# Immigrant teen that feels really sad where they live in and have no friends?



## Sadfrootpepe (Nov 12, 2016)

Hi, as you can see the title says it all but I just think it's so hard. I live in somewhere in Georgia (usa) and I hate it. It's absolutely terrible. I just feel like I need friends but like, I've never been comfortable with anyone I've met in here. My life is so empty and meaningless. If anyone has similar experiences maybe we could talk, even better if you live near me but it's okay if you don't. Just feel like this needs to be adressed.


----------



## Sadfrootpepe (Nov 12, 2016)

Also I'd love to make friends here but, as with anything taht relates to this, it's been hard and it's still hard.


----------



## SomeTosser (Oct 30, 2016)

How did you end up in Georgia though? I don't know what kind of people are down there.
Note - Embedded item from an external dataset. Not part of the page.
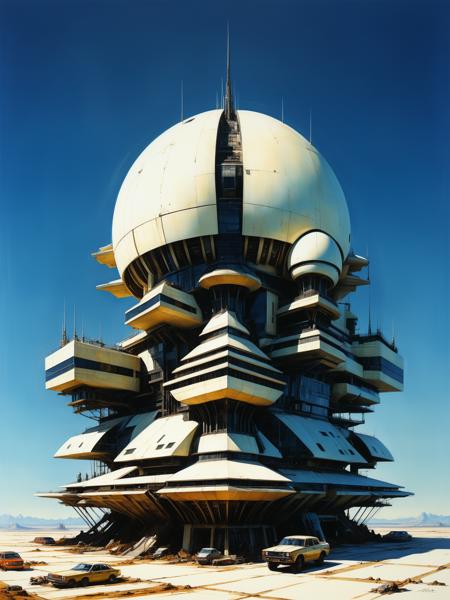 hyper realistic photograph of  a (complex architectural science fiction structure:1.4) by Bob Eggleton and Yoji Shinkawa, (glossy, ivory , masterful:1.4), medium full shot, poster art, bold lines, hyper detailed, expressive,  award winning,  dark limited color palette, high contrast, depth of field, (intricate details, masterpiece, best quality:1.4), overexposure, looking at viewer, dynamic pose, wide angle view, <lora:NicolaSamori:.5> in the style of nicola samori <lora:looking_at_viewer:2> <lora:add-detail-xl:1> <lora:xl_more_art-full_v1:.50>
I imagine its all white or something, I dunno really. Couldn't you have moved to somewhere where your people were at?


----------



## Sadfrootpepe (Nov 12, 2016)

I live in Georgia because of my parents, well my mom she works here and no, unfortunately, we cant. Why did you ask? Do you have the same experience? As for the people here, let's just say they're not my people.


----------



## SomeTosser (Oct 30, 2016)

Nah I'm not an immigrant. I live in Toronto, man. You can find anything here. You can be from the *** end of the most secluded village in Ethiopia and you're gonna find somebody that's from the same village here. Actually that's an exaggeration probably but everybody is here.


----------



## Sadfrootpepe (Nov 12, 2016)

Alright that's good for you then


----------